NZ rugby union player

Manu Vunipola (born 4 May 2000) is a rugby union fly-half for Mie Honda Heat in Japan League One competition. Born in New Zealand, he has represented England under-18s and England under-20s.

==Personal life==
Vunipola was born in Auckland, New Zealand, and grew up in Somerset, England. He is the son of former Tongan international Elisi Vunipola, and the cousin of Saracens teammates Billy and Mako Vunipola. He attended The King Alfred School, Highbridge. As a junior, he played for Burnham RFC, and captained the Harrow School rugby team.

==Career==

===Club career===

In 2017, Vunipola played for Saracens under-18s in the Aviva Premiership under-18s finals day. Vunipola then played for Saracens Storm, the A team of Saracens, and also played on loan for Bishop's Stortford. Vunipola made his Saracens debut in January 2019, in a 2018–19 Premiership Rugby Cup match against Harlequins. He made his Premiership Rugby debut in a 2018–19 match against Exeter Chiefs, and later made his first Premiership Rugby start in a match against Worcester Warriors.

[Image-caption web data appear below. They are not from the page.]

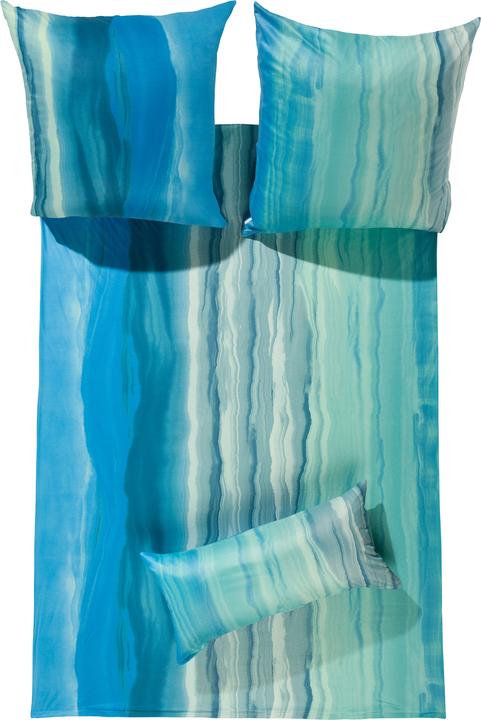 Immagine prodotto Estella Nika (Copripiumino, 80x80 cm, 135x200 cm)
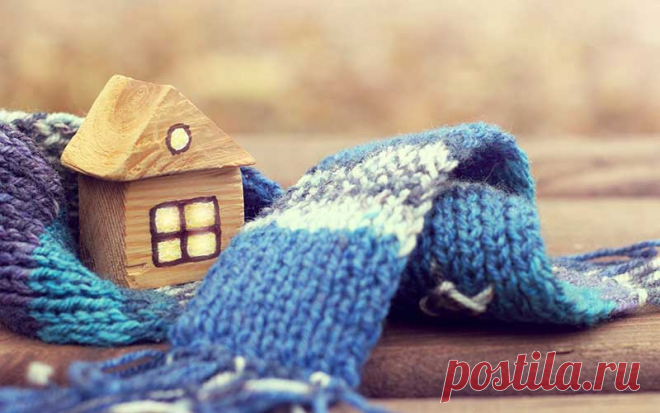 Минеральная вата, виды - минвата из кварца и базальта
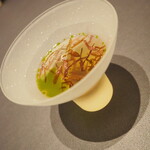 プレゼンテ スギ - 再生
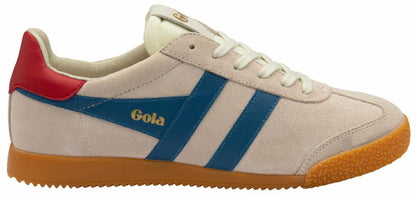 Gola Women ELAN BLOSSOM/MARINEBLUE/DEEPRED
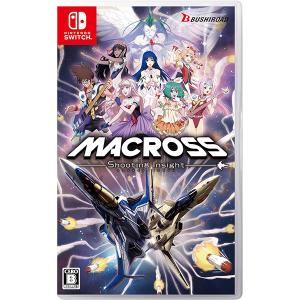 ファイアーエムブレム無双 - Switch : ミナモSTORE - 通販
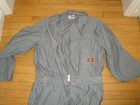 Bild 4 von 10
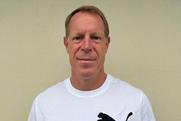 PUMA appoints Arne Arens as Chief Commercial Officer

In September 2019, Vunipola scored his first try for Saracens in a 2019–20 Premiership Rugby match against Wasps. In January 2020, Vunipola scored 17 points in a 2019–20 European Rugby Champions Cup pool stage match, as Saracens beat Ospreys 22–15. In the same month, referee Luke Pearce appointed Vunipola as Saracens captain, after Pearce decided he did not want to speak with Jackson Wray during a match against Harlequins. In a February 2020 Premiership Rugby match against Sale, Vunipola scored 17 points and won a man of the match award.

He has re-signed with Saracens until at least the 2022–23 season.

On 28 January 2024, it was confirmed that Manu left Saracens to move to Japan to sign for Mie Honda Heat in their domestic League One competition from the 2024–25 season.

===International career===

In 2018, Vunipola was called up to the England under-18s team. In total, he made four appearances for the team. Vunipola made his first start for England under-20s in their final match of the 2019 Six Nations Under 20s Championship against Scotland under-20s. He had made two previous substitute appearances in the tournament. He was selected for the 2019 World Rugby Under 20 Championship in Argentina, and also for the 2020 Six Nations Under 20s Championship. He played in the Six Nations match against France under-20s in Grenoble, but missed the match against Ireland under-20s after returning to Tonga for personal reasons. As of February 2020, he has made nine appearances for England under-20s.